Successful Agile Planning: An Iteration How-To, Part I

Agile development practices, when performed correctly, are lightweight and inexpensive, avoid wasted cycles, and ensure that just the right features are built. In this article you will find successful ways to make and meet iteration commitments, techniques for leading a team or teams through an effective iteration planning meeting, and tips on how to establish priorities, size your stories, and plan your iterations better.

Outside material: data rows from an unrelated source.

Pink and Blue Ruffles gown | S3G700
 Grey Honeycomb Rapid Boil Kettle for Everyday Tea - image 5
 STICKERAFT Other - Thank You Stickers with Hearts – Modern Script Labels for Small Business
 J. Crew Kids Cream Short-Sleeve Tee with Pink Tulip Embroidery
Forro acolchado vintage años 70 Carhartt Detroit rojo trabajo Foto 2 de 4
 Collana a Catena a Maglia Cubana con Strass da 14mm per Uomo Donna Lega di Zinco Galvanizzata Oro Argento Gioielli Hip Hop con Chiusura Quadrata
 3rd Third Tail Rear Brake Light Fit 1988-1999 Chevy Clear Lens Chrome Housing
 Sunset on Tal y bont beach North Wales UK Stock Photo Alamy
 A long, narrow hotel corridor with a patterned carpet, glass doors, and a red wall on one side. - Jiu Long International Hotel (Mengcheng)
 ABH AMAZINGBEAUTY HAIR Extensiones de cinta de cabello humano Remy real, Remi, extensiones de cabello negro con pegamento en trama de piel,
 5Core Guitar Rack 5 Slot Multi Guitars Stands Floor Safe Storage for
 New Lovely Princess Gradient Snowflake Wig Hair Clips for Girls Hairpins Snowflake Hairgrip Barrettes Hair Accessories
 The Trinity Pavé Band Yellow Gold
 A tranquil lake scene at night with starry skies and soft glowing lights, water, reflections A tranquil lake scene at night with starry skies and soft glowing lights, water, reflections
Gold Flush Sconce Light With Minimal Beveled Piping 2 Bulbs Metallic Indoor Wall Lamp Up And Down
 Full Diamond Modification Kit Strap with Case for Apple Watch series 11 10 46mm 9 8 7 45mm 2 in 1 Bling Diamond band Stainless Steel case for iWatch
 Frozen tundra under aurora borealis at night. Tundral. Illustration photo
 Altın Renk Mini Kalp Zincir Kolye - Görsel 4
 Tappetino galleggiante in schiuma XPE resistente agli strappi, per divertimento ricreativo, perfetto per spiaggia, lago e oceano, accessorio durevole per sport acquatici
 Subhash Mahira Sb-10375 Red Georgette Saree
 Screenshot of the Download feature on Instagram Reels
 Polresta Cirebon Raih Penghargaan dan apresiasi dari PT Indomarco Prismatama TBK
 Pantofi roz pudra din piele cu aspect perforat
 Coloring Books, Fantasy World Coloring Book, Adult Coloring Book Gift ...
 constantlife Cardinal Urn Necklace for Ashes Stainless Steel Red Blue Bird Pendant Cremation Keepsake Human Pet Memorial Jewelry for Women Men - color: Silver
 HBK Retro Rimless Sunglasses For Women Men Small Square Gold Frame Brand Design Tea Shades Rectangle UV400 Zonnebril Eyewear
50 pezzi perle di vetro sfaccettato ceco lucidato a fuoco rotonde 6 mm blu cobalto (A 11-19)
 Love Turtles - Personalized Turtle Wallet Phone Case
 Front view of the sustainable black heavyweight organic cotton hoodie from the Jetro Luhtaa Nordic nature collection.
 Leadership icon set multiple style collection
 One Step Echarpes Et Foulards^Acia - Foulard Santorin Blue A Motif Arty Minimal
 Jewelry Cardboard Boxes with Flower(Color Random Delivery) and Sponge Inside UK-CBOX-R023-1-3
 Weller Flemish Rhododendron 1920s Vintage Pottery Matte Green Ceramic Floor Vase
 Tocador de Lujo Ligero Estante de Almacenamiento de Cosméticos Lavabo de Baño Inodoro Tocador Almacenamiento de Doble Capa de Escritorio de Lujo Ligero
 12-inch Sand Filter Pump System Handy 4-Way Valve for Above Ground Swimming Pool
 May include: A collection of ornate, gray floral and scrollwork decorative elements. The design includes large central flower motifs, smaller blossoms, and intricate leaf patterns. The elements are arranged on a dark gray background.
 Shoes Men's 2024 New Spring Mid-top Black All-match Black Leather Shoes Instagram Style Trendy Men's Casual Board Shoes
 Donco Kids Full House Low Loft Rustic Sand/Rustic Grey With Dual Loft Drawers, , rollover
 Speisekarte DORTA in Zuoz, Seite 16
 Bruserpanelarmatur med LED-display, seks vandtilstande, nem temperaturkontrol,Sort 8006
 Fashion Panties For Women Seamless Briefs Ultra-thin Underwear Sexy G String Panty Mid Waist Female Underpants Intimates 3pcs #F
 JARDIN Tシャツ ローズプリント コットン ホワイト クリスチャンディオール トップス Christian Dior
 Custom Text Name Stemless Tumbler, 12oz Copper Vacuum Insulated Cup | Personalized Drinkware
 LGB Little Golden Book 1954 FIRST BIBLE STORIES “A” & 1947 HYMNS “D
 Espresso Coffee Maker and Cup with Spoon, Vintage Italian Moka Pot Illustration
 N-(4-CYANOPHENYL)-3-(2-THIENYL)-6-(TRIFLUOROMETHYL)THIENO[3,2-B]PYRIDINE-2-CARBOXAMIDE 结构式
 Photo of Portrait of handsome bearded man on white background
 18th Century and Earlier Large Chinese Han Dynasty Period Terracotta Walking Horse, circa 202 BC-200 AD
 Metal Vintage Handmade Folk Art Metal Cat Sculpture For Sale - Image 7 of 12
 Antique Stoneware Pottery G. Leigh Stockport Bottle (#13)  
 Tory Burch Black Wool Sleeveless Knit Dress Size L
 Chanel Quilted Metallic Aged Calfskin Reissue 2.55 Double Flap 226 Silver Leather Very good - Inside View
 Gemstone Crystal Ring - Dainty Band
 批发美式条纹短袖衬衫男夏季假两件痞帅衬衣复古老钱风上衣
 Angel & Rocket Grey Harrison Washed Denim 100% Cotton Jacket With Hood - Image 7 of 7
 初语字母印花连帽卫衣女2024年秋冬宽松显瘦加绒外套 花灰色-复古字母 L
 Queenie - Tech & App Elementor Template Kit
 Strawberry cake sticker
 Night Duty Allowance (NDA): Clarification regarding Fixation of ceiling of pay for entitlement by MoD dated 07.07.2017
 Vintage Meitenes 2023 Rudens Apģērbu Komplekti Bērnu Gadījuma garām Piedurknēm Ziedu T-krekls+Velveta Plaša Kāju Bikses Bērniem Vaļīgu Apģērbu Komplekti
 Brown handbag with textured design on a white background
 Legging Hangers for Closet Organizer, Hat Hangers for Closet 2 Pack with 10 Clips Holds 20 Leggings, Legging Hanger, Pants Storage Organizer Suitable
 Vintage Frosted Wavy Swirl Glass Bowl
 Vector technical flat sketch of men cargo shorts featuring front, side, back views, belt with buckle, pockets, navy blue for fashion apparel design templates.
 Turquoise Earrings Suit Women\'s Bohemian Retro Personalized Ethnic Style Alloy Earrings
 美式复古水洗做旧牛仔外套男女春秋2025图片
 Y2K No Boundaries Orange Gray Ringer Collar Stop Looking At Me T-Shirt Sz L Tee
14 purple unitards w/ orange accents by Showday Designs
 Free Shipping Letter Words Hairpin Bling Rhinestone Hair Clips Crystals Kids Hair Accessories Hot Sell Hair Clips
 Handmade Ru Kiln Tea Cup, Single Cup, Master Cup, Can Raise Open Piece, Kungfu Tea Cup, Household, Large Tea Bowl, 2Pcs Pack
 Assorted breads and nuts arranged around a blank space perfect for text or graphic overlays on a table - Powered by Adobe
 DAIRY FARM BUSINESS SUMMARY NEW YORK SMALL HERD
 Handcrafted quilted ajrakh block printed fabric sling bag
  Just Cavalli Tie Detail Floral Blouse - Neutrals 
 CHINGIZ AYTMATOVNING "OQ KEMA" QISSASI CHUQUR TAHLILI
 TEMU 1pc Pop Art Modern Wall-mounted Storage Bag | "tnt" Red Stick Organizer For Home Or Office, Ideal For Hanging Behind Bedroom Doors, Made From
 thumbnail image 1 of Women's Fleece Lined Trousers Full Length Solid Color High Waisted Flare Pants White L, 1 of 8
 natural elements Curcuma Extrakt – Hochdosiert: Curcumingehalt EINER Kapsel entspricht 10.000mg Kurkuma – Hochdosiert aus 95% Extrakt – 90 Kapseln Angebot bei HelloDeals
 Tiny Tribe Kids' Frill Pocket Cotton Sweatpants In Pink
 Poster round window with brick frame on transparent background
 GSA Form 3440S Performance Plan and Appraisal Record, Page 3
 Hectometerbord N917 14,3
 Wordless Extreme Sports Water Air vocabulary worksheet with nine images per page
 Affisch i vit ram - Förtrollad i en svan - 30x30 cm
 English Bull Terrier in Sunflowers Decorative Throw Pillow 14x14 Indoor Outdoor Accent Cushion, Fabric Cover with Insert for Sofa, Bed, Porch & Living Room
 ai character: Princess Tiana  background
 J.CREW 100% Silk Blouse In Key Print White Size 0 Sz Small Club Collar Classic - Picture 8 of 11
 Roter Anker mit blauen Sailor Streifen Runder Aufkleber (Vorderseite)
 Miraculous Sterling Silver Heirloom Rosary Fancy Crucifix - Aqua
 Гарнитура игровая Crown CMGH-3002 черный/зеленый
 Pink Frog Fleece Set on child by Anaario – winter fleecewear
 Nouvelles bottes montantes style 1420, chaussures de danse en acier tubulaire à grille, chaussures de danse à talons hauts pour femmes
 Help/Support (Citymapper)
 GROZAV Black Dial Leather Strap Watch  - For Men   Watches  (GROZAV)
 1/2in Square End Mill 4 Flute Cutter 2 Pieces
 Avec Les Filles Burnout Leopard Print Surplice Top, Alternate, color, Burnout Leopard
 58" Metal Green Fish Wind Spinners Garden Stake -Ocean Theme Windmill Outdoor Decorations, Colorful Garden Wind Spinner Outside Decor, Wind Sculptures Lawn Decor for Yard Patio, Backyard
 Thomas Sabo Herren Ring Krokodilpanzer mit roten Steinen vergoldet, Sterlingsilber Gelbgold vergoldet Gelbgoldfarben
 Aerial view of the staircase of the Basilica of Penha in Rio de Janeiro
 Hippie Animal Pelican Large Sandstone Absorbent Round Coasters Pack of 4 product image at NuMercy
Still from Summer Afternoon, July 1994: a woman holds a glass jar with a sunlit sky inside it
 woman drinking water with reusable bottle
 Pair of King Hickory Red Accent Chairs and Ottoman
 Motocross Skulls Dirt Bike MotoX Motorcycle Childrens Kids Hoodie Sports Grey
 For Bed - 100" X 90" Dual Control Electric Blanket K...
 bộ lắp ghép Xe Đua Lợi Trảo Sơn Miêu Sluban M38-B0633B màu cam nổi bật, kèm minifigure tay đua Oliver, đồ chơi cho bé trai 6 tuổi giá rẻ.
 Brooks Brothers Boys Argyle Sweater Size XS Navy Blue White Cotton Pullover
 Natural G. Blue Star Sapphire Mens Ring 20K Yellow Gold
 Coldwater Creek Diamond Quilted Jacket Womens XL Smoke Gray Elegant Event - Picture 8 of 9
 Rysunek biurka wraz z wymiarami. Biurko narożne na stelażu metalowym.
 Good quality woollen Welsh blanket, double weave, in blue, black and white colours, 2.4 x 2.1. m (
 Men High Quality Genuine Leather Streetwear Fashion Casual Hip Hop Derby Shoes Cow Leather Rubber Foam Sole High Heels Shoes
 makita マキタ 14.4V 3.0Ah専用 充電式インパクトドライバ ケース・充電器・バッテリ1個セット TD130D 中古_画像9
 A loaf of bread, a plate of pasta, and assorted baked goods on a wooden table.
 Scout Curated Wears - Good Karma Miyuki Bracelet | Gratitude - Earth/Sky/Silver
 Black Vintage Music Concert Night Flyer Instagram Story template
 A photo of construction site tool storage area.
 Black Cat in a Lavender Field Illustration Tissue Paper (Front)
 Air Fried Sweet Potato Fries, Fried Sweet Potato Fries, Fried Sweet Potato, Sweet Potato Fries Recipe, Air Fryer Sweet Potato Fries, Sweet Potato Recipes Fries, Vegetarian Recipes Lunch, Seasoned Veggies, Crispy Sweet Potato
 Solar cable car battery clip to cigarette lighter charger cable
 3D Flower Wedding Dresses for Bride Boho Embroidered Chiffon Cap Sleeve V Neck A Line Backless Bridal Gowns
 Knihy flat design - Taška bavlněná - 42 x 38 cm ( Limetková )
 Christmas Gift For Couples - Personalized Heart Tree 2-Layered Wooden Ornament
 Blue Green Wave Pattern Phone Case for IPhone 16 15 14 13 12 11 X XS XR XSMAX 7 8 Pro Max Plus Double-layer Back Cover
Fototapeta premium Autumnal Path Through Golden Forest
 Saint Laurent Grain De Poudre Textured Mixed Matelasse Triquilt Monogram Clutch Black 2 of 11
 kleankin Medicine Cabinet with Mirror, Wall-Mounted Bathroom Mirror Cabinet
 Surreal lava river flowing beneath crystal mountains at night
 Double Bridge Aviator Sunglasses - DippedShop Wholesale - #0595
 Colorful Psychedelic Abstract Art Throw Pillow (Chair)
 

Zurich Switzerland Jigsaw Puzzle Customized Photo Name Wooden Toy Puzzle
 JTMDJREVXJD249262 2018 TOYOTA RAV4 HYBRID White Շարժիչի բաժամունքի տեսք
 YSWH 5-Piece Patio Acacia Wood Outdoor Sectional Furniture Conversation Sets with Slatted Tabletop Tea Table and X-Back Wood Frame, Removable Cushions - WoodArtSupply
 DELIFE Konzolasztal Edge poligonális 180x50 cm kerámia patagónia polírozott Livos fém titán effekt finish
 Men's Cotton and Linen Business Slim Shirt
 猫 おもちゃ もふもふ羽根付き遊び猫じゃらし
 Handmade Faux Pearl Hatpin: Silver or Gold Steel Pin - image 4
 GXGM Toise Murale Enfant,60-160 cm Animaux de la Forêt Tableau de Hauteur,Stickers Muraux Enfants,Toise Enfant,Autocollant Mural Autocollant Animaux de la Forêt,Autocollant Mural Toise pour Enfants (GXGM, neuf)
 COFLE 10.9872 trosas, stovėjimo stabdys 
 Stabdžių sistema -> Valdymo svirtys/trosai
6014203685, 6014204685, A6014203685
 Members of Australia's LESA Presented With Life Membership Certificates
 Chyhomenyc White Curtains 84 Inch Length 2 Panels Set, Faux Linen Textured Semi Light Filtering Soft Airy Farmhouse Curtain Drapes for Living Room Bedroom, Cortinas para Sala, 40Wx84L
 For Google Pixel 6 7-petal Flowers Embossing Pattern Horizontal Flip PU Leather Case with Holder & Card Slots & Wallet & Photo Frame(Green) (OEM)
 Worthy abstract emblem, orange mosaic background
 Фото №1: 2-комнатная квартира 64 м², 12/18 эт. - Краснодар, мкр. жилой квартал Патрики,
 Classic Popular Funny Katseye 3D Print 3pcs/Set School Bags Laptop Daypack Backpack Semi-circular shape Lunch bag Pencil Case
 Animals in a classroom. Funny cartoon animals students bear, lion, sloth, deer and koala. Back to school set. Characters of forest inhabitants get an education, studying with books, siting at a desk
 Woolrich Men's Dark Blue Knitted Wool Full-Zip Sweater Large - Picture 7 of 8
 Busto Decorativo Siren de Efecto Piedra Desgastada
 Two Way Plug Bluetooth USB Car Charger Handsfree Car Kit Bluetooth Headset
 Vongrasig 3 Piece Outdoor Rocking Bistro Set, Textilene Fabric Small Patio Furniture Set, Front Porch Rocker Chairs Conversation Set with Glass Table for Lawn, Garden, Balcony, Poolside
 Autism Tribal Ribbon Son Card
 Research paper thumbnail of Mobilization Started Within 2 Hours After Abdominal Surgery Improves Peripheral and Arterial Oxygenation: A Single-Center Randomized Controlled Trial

I am very fortunate as an Agile Coach with Rally to constantly be around teams who want to become leaner and more agile. Those who do the work, plan the work is a principle I hold dear, yet it is a struggle for many to create such a self-organizing, self-managing team. I was reminded of this in July of this year (2009). I was invited to give a webinar on Agile Planning. I expected perhaps a few dozen attendees yet 1400 people registered and 3 months later I was still answering questions. The content of that webinar is the inspiration for this article and my target audience is the team that is new to agile and lean concepts.

The Mechanics of an Agile Iteration

Most of today’s agile teams use iterations to maintain a constant tempo. The iteration begins when the team selects the product features to be delivered at the end of the iteration, identifies the tasks needed to complete those features and commits to the iteration. During the iteration the delivery team meets each day to plan that day. At the end of the iteration the team produces a potentially shippable product increment.

The Product Backlog is the list of desired product features. It is expressed so that each item is value focused. It is owned and prioritized by the Product Owner. The Product Owner represents (or is) the user/client. They act as one voice even if they are not one person (Roth 2009).

Most agile organizations use User Stories to describe their Product Backlog items. Stories should be described briefly with detail deferred until closer to the time that commitments need to be made. Deferring commitment is a lean principle that helps us avoid the waste of detailing stories that may never be implemented and also allows us to make decisions with the maximum amount of information possible.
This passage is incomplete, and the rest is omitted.